This is an action arising from an employment dispute. In 2013, plaintiff Elson DeBarros
was terminated from his position as a cook in a restaurant owned and operated by Areas USA
Boston, LLC (“Areas USA Boston”). In another action pending before this Court, DeBarros
brought claims for disability discrimination and retaliation under the Americans with Disabilities
Act against Areas USA Boston and his former supervisor, Michael Frank. After mediation, the
parties reached a settlement. However, DeBarros refused to comply with the settlement
agreement, and the Court dismissed that action on April 20, 2018.
DeBarros has brought a separate suit in state court against Areas USA Boston and Frank,
along with several new defendants, including the parent company, Areas USA, Inc. (“Areas
USA”); Sergio Rodriguez, the company CEO; and Margarita Nunez, a company human
resources officer. Defendants have removed that action to this Court. The new complaint
restates the retaliation claim and asserts new state-law claims for defamation and libel.
Defendants have moved to dismiss the complaint for lack of personal jurisdiction and failure to
state a claim upon which relief can be granted. For the reasons stated below, the motion will be
granted in part and denied in part.
I.
Background
A.
Factual Background
The facts are set forth as described in the complaint.

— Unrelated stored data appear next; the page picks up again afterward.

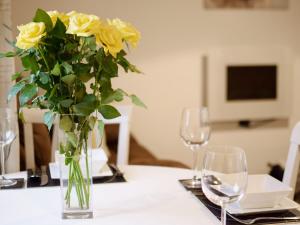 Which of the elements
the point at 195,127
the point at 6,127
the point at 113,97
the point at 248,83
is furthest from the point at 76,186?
the point at 248,83

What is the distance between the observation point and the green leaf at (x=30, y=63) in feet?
4.10

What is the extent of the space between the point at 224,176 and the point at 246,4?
3.42 m

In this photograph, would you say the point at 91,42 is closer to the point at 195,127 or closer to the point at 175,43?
the point at 195,127

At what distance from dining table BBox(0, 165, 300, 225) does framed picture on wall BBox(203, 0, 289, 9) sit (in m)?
2.72

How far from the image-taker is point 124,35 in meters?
1.28

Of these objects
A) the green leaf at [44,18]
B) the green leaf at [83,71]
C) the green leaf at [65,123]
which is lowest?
the green leaf at [65,123]

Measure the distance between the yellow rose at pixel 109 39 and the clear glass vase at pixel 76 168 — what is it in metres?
0.21

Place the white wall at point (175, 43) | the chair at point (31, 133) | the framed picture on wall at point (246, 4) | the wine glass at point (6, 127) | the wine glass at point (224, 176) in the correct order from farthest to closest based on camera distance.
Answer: the framed picture on wall at point (246, 4), the white wall at point (175, 43), the chair at point (31, 133), the wine glass at point (6, 127), the wine glass at point (224, 176)

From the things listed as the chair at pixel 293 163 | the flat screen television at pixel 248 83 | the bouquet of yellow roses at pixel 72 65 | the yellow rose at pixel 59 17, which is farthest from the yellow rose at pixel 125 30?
the flat screen television at pixel 248 83

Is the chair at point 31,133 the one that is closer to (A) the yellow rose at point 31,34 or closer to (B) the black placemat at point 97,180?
(B) the black placemat at point 97,180

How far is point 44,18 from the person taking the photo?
123 cm

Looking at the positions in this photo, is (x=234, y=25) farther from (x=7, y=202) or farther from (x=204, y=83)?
(x=7, y=202)

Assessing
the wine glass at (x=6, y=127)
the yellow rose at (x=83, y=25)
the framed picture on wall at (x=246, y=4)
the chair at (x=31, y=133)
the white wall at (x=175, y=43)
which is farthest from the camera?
the framed picture on wall at (x=246, y=4)

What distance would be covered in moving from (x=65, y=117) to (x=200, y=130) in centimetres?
58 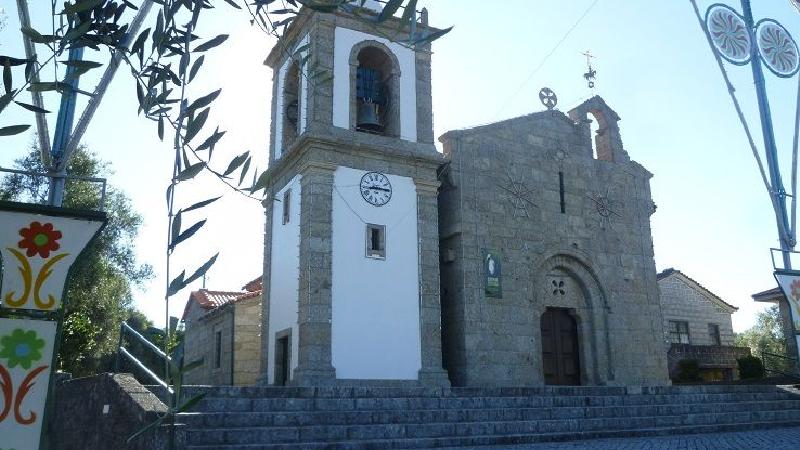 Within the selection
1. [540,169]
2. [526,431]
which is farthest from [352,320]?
[540,169]

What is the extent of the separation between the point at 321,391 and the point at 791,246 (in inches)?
292

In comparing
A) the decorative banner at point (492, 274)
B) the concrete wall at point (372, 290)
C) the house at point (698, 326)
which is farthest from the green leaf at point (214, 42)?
the house at point (698, 326)

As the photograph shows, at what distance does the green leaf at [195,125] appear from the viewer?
7.95 feet

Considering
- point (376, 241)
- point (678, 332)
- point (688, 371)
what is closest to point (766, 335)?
point (678, 332)

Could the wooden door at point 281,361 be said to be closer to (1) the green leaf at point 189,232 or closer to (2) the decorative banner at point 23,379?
(2) the decorative banner at point 23,379

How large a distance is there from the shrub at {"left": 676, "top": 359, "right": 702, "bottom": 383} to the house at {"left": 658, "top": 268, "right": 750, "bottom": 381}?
124 centimetres

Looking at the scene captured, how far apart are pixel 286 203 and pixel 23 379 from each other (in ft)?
41.0

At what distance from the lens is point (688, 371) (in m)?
22.4

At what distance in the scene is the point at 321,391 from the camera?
959 centimetres

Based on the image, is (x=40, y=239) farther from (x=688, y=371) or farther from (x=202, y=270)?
(x=688, y=371)

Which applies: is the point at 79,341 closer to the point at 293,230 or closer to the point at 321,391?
the point at 293,230

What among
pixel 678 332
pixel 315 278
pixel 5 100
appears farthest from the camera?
pixel 678 332

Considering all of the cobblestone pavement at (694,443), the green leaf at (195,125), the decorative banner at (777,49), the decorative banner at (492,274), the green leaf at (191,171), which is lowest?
the cobblestone pavement at (694,443)

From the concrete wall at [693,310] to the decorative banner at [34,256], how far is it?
1042 inches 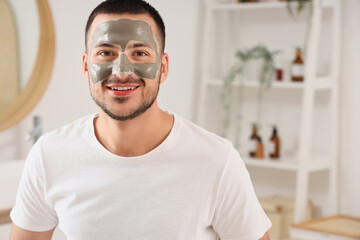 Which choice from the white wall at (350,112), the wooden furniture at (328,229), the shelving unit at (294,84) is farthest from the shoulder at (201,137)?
Answer: the white wall at (350,112)

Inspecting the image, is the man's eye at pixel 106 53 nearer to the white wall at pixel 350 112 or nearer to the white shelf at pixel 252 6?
the white shelf at pixel 252 6

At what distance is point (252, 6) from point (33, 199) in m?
1.95

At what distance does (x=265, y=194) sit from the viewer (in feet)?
10.1

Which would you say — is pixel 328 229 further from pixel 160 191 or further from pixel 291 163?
pixel 160 191

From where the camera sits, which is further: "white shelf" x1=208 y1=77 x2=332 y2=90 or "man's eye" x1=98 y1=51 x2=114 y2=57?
"white shelf" x1=208 y1=77 x2=332 y2=90

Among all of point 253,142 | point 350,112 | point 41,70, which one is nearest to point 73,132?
point 41,70

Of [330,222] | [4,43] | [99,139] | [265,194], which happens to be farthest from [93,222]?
[265,194]

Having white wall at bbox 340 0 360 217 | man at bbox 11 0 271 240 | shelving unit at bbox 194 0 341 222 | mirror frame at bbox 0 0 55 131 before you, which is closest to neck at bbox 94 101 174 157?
man at bbox 11 0 271 240

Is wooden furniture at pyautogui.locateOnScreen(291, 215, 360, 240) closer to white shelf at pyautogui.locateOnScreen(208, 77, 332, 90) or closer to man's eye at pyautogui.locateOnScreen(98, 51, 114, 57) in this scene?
white shelf at pyautogui.locateOnScreen(208, 77, 332, 90)

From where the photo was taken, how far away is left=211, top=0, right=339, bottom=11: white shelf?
2674 mm

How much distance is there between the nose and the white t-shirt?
15 centimetres

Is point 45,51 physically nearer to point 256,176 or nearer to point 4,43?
point 4,43

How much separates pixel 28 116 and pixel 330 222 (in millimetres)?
1397

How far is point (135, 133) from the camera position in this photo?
104 cm
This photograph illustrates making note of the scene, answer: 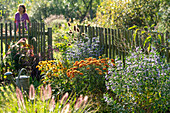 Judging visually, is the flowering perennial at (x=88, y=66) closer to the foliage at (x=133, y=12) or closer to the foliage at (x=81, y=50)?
the foliage at (x=81, y=50)

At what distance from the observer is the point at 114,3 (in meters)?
8.18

Elson DeBarros is a resident of Rhode Island. (Compl. ¶ 1). On June 2, 2011, he
interviewed for a position at Vinea Restaurant at Logan Airport in Boston, Massachusetts. (Id. ¶
10). According to the complaint, he spoke with the then-General Manager of the restaurant,
Steve Barnett, and told him that he had suffered back injuries in November 2007 that required
ongoing medical treatment. (Id. ¶¶ 9-10). Barnett nevertheless hired him as a full-time
employee. (Id. ¶ 11). 1
Areas USA is a national food, beverage, and retail services provider that is incorporated
in Florida and headquartered in Miami. (Id. ¶ 7). Areas USA Boston is a wholly owned
subsidiary of Areas USA that owns and operates the Vinea Restaurant at the airport. (Id. ¶ 6).
In March 2012, Michael Frank became the new General Manager at Vinea Restaurant.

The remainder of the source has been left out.